Ein Gutachten der Wissenschaftlichen Kommission der Kultusministerkonferenz mit dem Titel „Empfehlungen zum Umgang mit dem akuten Lehrkräftemangel“ ist bei Lehrerverbänden und Gewerkschaften auf große Ablehnung gestoßen. Die Kommission prognostiziert unter anderem, dass das Problem des Lehrkräftemangels in den nächsten 20 Jahren präsent bleiben wird, und schlägt als kurzfristige Maßnahmen u.a. vor, Klassen zu vergrößern, die Möglichkeiten zur Teilzeitarbeit einzuschränken und auch Studierende oder bereits pensionierte Lehrkräfte stärker einzusetzen.
Die Lehrergewerkschaft GEW sagte dazu, dass die Arbeitsbedingungen für das Personal dringend verbessert werden müssten, statt ihm mehr Unterricht vorzuschreiben. Das zum gesundheitlichen Ausgleich etwa Achtsamkeitstraining, Meditation und Atemübungen vorgeschlagen würden, sei an Zynismus schon fast nicht mehr zu überbieten. Die Empfehlungen seien weltfremd und schädlich für das gesamte System Schule - falls das Land Niedersachsen diese völlig ungeeigneten Vorschläge auch nur ansatzweise umsetze, kollabiere das System Schule endgültig. Es brauche eine "nie gekannte Investitionsoffensive und keine Vorschläge aus dem Giftschrank der Unzumutbarkeiten“.

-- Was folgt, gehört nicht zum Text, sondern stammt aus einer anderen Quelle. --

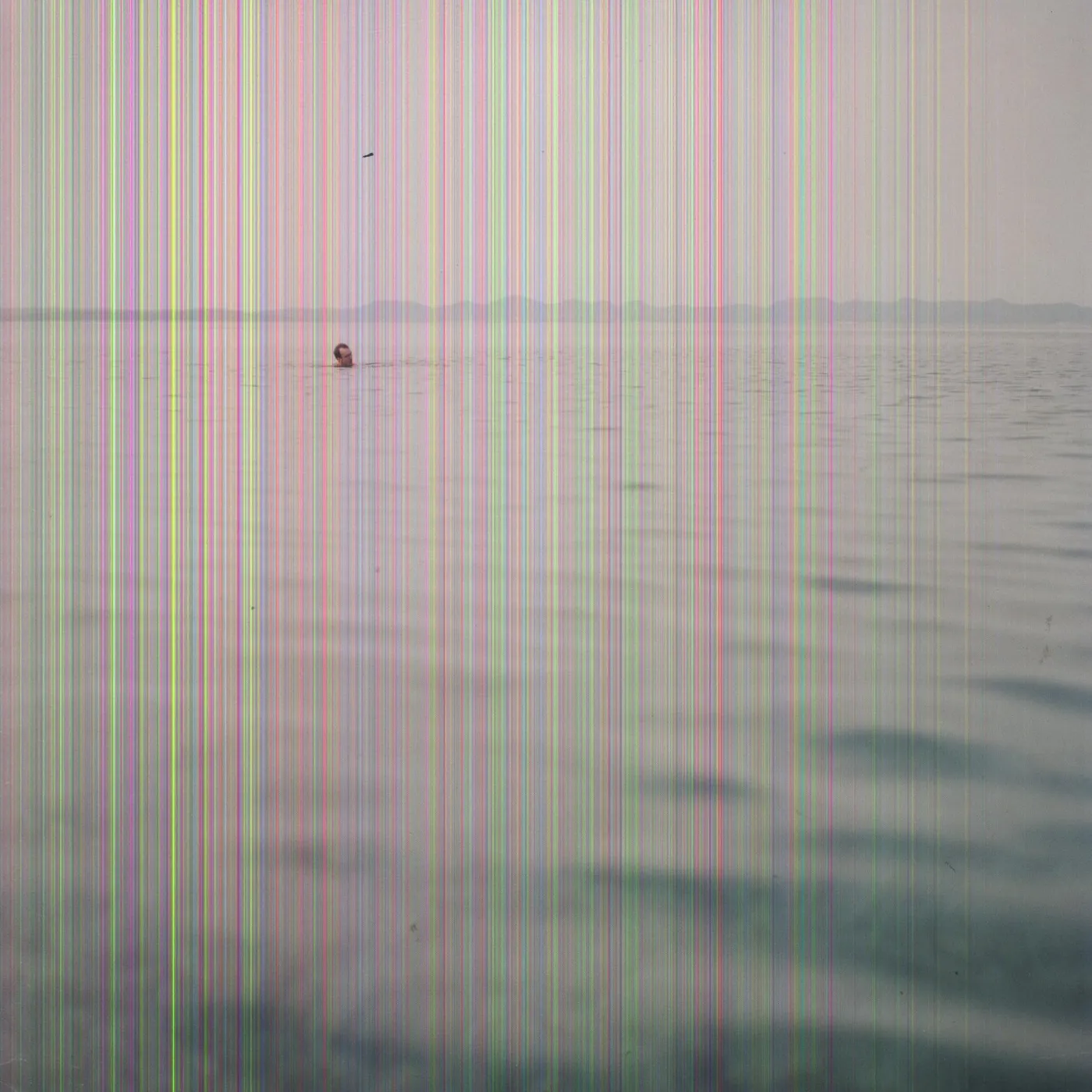 Blue Cranes Swim Vinyl Record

Der Vorsitzende des Verbandes Niedersächsischer Lehrkräfte, Torsten Neumann, sagte, Teile des Gutachtens läsen sich wie das Drehbuch eines schlechten Films. So bedeute beispielsweise die Empfehlung, Beschäftigungsreserven bei qualifizierten Lehrkräften zu erschließen, „einzig und allein eine nicht hinnehmbare Überbelastung der bereits am oder über dem Limit arbeitenden Lehrkräfte“. Diese Lehrkräfte verzichteten aus wichtigen Gründen auf einen Teil ihrer Besoldung. Ältere Lehrkräfte hätten ihre Unterrichtsverpflichtung aus Alters- und Gesundheitsgründen, jüngere dagegen aus familiären Gründen reduziert.
Niedersachsens Kultusministerin Julia Willie Hamburg kündigte an, die Ergebnisse des Gutachtens mit den Verbänden beraten zu wollen.